The eighth commandment forbids misrepresenting the truth in our relations with others. This moral prescription flows from the vocation of the holy people to bear witness to their God who is the truth and wills the truth. Offenses against the truth express by word or deed a refusal to commit oneself to moral uprightness: they are fundamental infidelities to God and, in this sense, they undermine the foundations of the covenant.– Catechism of the Catholic Church #2464
It is by loving that the God-who-is-Love is proclaimed to the world: not by the power of convincing, never by imposing the truth, no less by growing fixated on some religious or moral obligation. – Pope Francis
So, how are we to navigate through this murky era, when the truth is so often watered down or warped to fit particular views?

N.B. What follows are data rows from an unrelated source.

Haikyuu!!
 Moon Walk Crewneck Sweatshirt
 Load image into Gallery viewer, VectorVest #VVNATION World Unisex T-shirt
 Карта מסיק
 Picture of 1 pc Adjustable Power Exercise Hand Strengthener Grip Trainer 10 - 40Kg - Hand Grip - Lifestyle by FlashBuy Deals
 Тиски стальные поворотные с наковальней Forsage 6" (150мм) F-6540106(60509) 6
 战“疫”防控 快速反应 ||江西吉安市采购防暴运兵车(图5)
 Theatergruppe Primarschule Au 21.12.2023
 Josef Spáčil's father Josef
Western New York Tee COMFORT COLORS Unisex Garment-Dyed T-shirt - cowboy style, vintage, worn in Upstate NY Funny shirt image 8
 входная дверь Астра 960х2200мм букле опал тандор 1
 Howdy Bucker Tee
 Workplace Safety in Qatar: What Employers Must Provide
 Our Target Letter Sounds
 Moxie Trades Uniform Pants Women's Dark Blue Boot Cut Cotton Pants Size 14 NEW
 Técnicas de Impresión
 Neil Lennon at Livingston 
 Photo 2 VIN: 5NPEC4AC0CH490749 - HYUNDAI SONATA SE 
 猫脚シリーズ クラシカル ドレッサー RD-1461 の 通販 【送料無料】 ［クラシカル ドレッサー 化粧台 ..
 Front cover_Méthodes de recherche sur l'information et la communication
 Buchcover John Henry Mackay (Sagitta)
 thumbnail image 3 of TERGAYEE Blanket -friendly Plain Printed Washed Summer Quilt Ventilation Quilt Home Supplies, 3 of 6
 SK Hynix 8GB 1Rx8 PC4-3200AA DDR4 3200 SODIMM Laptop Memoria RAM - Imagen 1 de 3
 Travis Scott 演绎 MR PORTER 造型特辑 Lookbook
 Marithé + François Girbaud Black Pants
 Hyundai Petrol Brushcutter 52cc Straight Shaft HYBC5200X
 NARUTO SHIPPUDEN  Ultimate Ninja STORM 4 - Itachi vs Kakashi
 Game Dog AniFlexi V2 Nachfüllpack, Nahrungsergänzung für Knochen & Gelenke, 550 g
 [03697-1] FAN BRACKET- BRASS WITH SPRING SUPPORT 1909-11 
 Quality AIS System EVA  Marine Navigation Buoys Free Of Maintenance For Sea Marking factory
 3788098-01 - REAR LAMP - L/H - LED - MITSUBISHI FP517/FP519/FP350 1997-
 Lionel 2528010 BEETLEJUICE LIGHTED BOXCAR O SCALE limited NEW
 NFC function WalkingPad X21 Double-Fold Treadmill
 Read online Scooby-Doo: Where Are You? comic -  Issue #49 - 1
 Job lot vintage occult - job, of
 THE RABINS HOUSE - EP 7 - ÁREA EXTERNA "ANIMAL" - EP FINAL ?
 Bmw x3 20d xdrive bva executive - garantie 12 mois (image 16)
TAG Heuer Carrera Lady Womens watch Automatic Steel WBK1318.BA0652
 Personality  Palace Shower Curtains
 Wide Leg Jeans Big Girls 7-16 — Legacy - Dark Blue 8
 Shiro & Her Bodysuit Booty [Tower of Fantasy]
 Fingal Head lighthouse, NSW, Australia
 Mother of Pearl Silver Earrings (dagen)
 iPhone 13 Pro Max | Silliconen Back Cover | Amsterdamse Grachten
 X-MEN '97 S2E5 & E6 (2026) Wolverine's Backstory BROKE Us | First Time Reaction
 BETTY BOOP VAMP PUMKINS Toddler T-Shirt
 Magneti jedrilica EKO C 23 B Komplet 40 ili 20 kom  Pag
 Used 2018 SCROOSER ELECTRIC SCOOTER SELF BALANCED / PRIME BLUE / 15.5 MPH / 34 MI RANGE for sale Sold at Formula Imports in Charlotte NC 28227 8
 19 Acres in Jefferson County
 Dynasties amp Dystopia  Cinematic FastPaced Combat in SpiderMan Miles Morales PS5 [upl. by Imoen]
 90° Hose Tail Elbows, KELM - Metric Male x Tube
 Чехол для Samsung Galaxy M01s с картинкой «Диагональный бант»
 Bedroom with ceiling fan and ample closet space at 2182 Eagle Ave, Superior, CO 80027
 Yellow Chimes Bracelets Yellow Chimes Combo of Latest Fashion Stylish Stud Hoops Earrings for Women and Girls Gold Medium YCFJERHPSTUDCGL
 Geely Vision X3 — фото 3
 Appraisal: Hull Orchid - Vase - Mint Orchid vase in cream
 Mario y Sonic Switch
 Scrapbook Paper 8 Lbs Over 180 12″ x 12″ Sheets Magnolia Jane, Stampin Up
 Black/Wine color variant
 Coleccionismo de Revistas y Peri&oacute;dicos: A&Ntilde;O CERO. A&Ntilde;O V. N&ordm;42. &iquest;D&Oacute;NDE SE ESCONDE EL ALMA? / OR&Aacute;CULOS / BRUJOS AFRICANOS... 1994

What I offer here are some tips developed from my study of history, propaganda, media and politics. (Being a history major in college really has served me well!) Last summer, I shared many of these tips and resources to a group at my place of ministry and heard that they were very helpful; I have been meaning to share them with you, Messy Jesus Business readers, ever since. The day has finally come!
First, one of the confusing parts of this time is that many phrases and words are being tossed around, and a lot of people don’t really know what the terms mean. Let’s start with a glossary.
Absolute Truth = Facts which exist without being dependent upon anything else, such as one’s perspective or opinions.
Alternative Facts = Un-factual information, false information.
Bias = Prejudice in favor of or against one thing, person or group compared with another, usually in a way considered to be unfair.
Confirmation Bias = The tendency to interpret new evidence as confirmation of one’s existing beliefs or theories.
Fake News = Propaganda or false information published under the guise of being authentic news.
Objective Truth = Not influenced by or based on personal feelings or opinions.
Post Truth = Debate is framed largely by appeals to emotion, which are disconnected from facts.
News = Factual journalism regarding events
News Analysis = Opinion and commentary on the news.
Satire = The use of humor, irony, exaggeration or ridicule to expose or criticize.
Subjective Truth = Based on or influenced by personal feelings, tastes, or opinions.
DO YOUR HOMEWORK, DEVELOP YOUR SKILLS
I am growing increasingly convinced that anyone who consumes information in this modern world has a civil duty to develop their skills and critical reading eye. For example, I like how On The Media suggests we spot Fake News.
Similarly, it is crucial that readers can recognize bias and are aware what type of slant sources are likely to make. I find this chart quite accurate and helpful.
CONVERSE WITH COMPASSIONATE CURIOSITY IN PURSUIT OF THE ABSOLUTE TRUTH
Look back at the definitions of Absolute Truth, Objective Truth and Subjective Truth. In our post-modern world, there is a common temptation to let the opinions and beliefs held by another be “their truth” while one maintains “my own truth.” When I hear that folks say things like “believe what you want, I know what I believe” I get frustrated and wonder why we dismiss one another, why we don’t believe that others can help expand our thinking, perspective. Only through community and in relationship can we gain a more complete picture of the objective truth, what we all are here seeking to understand.
Have mercy on me for my terrible clip art, but here’s an image that shows the different types of truth.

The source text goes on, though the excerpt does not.